Using Amazon S3 for database backups

The problem

I maintain a personal web application an Amazon EC2 instance and wanted to set up a quick and dirty database backup. In the past, I've used the Dropbox API for tasks like this, because I have a professional Dropbox plan. But overall, I'm trying to reduce costs and improve my proficiency with Amazon Web Services, so I wanted to do the job using Amazon S3.

There's a ton of documentation for the S3 API, but to be honest, I think the AWS documentation is absolute garbage.

The solution

I found this blog post from 2014 about uploading to S3 with curl that completely holds up.

I put it together with this PostgreSQL backup guide.

I wrote a bash script that keeps one backup on the server at all times. When it runs, it removes the previous backup file, then uses pg_dump to create a new backup file in its place. It sets a local file path, a path for AWS, a bucket name, and a date. Then it POSTs using curl and the AWS keys. It looks like this:

#!/bin/bash

rm /path/to/backups/backup.bak
sudo -u postgres pg_dump database_name > /path/to/backups/backup.bak
file=/path/to/backups/backup.bak
aws_path="backups/$(date +%s)"
bucket=bucket_name
resource="/${bucket}/${aws_path}"
contentType="application/x-compressed-tar"
dateValue=`date -R`
stringToSign="PUT\n\n${contentType}\n${dateValue}\n${resource}"
s3Key=S3KEYGOESHERE
s3Secret=S3SECRETGOESHERE
signature=`echo -en ${stringToSign} | openssl sha1 -hmac ${s3Secret} -binary | base64`
curl -X PUT -T "${file}" \
  -H "Host: ${bucket}.s3.amazonaws.com" \
  -H "Date: ${dateValue}" \
  -H "Content-Type: ${contentType}" \
  -H "Authorization: AWS ${s3Key}:${signature}" \
  https://${bucket}.s3.amazonaws.com/${aws_path}

I created this by calling vim backup_script.sh and filling it out. Once I saved the file, I had to make it executable, so ran sudo chmod u+x backup_script.sh. Finally, I set it to run at a certain time as a cron job.

To edit the crontab, I ran crontab -e and then set up a job that looks like:

0 11 * * * /path/to/backup_script.sh

Which tells cron to run backup_script.sh at 11:00 UTC every day of every week of every month.

Limitations

I have no error handling, no logs, and the script is somewhat decoupled from my web application. I'm also a little concerned because pg_dump takes a plaintext dump of the database. No passwords or security credentials are stored in plaintext, but things like user emails are. If my S3 bucket got compromised, I could be in trouble. Fortunately, this is a small web app I use for myself and some friends, so the security implications are somewhat limited in scope.

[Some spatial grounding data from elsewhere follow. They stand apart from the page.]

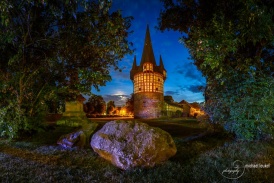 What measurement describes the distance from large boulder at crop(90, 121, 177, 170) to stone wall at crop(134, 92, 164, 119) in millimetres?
24651

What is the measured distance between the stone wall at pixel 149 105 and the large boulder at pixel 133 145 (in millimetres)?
24651

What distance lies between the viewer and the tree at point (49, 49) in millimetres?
5699

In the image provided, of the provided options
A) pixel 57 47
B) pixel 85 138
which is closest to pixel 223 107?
pixel 85 138

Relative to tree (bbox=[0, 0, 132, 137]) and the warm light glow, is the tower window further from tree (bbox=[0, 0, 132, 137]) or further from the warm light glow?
tree (bbox=[0, 0, 132, 137])

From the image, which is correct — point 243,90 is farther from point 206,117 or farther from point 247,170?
point 247,170

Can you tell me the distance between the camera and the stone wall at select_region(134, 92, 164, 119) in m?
29.5

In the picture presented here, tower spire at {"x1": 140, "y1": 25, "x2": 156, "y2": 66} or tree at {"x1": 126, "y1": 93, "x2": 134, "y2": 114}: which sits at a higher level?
tower spire at {"x1": 140, "y1": 25, "x2": 156, "y2": 66}

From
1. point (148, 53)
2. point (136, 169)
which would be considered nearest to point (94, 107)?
point (148, 53)

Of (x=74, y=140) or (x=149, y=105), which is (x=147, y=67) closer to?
(x=149, y=105)

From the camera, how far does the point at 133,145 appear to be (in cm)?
443

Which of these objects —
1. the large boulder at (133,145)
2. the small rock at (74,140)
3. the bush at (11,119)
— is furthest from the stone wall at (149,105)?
the large boulder at (133,145)

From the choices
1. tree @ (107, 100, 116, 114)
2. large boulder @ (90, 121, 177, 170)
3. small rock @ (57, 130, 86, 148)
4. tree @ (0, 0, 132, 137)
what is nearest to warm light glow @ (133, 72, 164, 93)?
tree @ (0, 0, 132, 137)

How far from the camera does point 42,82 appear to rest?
26.0 ft

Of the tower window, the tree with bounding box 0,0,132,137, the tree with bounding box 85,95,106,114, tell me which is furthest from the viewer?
the tree with bounding box 85,95,106,114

I also have some discomfort using sudo to run a command as the postgres user. I did this as opposed to giving expanded permissions to other roles in the database. It feels better to keep the default PostgreSQL permissioning system and hack it in one bash script, rather than change the permissions so my one-off script can run pg_dump from the ubuntu user. I don't know what the right answer is here and would love to hear from people with a better understanding of secops. Again, the implications are limited because this app is not open for the public or customers.

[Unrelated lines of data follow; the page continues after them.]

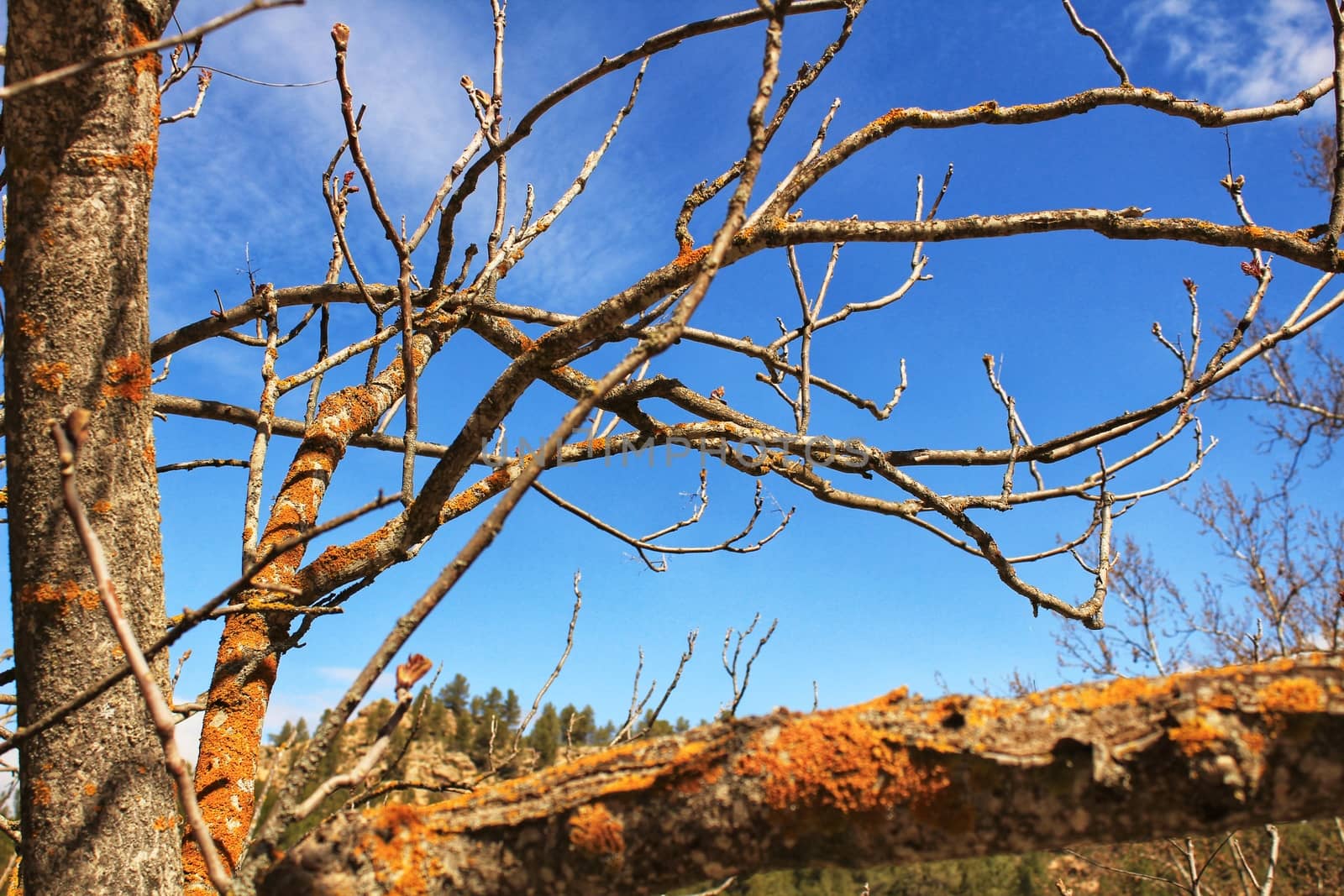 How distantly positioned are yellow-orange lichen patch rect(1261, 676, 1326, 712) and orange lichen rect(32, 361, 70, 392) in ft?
5.85

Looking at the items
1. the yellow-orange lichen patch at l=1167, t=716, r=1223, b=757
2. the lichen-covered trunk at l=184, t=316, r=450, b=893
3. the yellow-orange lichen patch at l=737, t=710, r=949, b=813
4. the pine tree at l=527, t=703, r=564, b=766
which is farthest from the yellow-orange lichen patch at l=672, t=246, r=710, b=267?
the pine tree at l=527, t=703, r=564, b=766

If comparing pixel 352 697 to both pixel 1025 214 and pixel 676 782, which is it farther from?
pixel 1025 214

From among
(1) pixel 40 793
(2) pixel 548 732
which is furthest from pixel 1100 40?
(2) pixel 548 732

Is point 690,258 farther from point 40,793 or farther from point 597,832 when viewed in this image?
point 40,793

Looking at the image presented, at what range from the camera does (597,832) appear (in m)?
0.94

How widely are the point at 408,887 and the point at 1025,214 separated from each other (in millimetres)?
1776

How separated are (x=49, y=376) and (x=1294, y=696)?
1828 millimetres

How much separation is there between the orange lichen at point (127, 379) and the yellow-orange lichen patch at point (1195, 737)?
1.63 meters

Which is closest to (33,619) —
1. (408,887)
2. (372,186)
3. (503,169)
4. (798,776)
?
(408,887)

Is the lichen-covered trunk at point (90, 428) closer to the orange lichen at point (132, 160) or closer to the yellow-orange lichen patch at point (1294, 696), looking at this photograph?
the orange lichen at point (132, 160)

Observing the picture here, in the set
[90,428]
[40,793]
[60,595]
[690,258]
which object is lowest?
[40,793]

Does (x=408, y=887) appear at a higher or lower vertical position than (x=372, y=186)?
lower

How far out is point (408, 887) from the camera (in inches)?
37.0

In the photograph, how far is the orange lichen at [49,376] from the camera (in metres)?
1.41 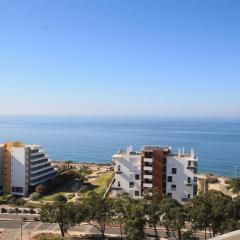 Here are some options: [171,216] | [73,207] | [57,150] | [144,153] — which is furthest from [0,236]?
[57,150]

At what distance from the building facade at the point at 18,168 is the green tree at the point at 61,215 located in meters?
29.5

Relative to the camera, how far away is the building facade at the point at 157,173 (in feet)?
209

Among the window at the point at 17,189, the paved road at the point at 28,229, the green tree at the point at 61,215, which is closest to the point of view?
the green tree at the point at 61,215

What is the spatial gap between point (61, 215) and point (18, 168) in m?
32.9

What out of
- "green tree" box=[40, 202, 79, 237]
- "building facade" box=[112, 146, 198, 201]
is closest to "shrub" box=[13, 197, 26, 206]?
"building facade" box=[112, 146, 198, 201]

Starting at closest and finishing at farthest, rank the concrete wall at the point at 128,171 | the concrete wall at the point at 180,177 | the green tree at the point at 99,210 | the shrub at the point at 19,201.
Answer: the green tree at the point at 99,210 < the concrete wall at the point at 180,177 < the concrete wall at the point at 128,171 < the shrub at the point at 19,201

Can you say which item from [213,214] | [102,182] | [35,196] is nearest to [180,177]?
[102,182]

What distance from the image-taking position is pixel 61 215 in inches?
1769

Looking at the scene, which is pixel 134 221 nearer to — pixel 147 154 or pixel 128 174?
pixel 147 154

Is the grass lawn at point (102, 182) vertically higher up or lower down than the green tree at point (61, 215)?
lower down

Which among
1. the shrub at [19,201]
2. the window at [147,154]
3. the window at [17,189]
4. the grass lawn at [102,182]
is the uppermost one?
the window at [147,154]

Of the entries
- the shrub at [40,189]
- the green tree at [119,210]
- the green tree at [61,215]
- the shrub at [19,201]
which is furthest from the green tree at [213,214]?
the shrub at [40,189]

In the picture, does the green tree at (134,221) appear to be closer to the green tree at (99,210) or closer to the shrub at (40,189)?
the green tree at (99,210)

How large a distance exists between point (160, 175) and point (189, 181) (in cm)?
499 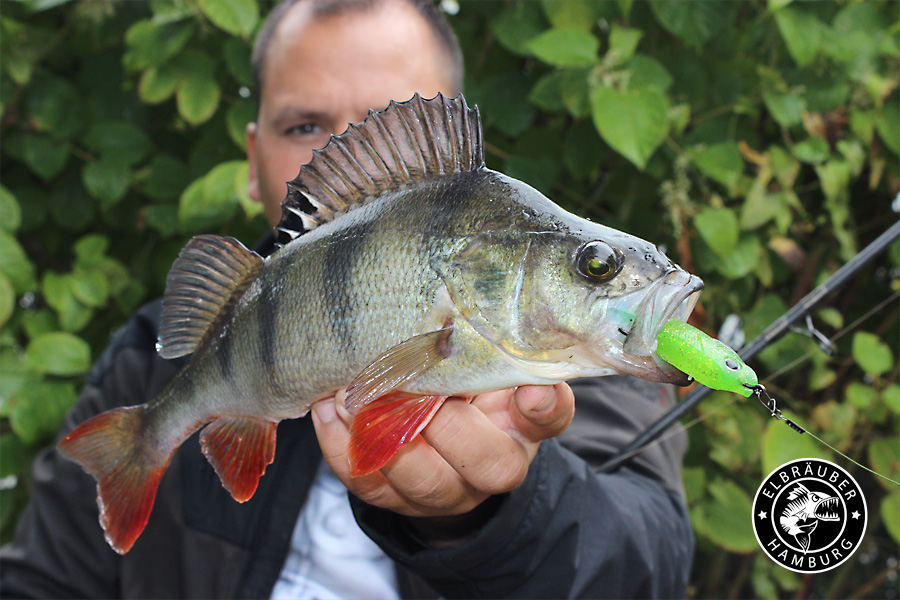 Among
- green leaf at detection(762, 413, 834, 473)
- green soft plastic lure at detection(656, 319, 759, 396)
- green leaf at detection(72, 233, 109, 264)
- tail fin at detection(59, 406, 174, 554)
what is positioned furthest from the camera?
green leaf at detection(72, 233, 109, 264)

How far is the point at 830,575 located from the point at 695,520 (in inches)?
20.8

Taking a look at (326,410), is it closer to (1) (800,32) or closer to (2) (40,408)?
(2) (40,408)

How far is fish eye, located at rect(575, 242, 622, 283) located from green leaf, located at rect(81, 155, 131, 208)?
5.13 ft

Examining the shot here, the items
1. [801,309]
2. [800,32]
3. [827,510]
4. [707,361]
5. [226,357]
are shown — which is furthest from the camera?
[800,32]

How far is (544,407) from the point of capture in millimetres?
707

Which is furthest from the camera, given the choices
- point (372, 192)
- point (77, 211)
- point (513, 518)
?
point (77, 211)

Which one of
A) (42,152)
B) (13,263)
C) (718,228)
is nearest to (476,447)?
(718,228)

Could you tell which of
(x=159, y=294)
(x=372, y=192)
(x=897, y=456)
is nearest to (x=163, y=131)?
(x=159, y=294)

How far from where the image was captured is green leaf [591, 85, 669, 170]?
1.27 m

Testing Internet Explorer on a Mac

The problem

My team supports Internet Explorer 11 in our web sites. We work on MacBook Pros, which can't run Internet Explorer. So testing local dev environments is a hassle. In the past, we've used remote desktops and tunnels to our local servers, but our remote desktops are being discontinued and we don't always have the option to run tunnels for internal reasons.

The solution

Microsoft releases virtual machines that run IE8 through IE11 and Edge. I downloaded an IE11/Win7 virtual machine and loaded it into my VirtualBox. It works like a charm. I can run Internet Explorer 11 and point it to my local server, all on my own machine.

Limitations

You won't be able to access something like localhost:3000 or 127.0.0.1:3000 like you would on your local machine. You can remap your hosts file on the virtual machine, or you can use an alternative IP address. If you have something like rails s running on localhost:3000 on the host machine, you can point IE11 to http://10.0.2.2:3000 and it should work just fine.

It's also somewhat slow, depending on your VirtualBox configuration and host computer resources available. Still, it's the best way for us to get the job done as far as I can tell.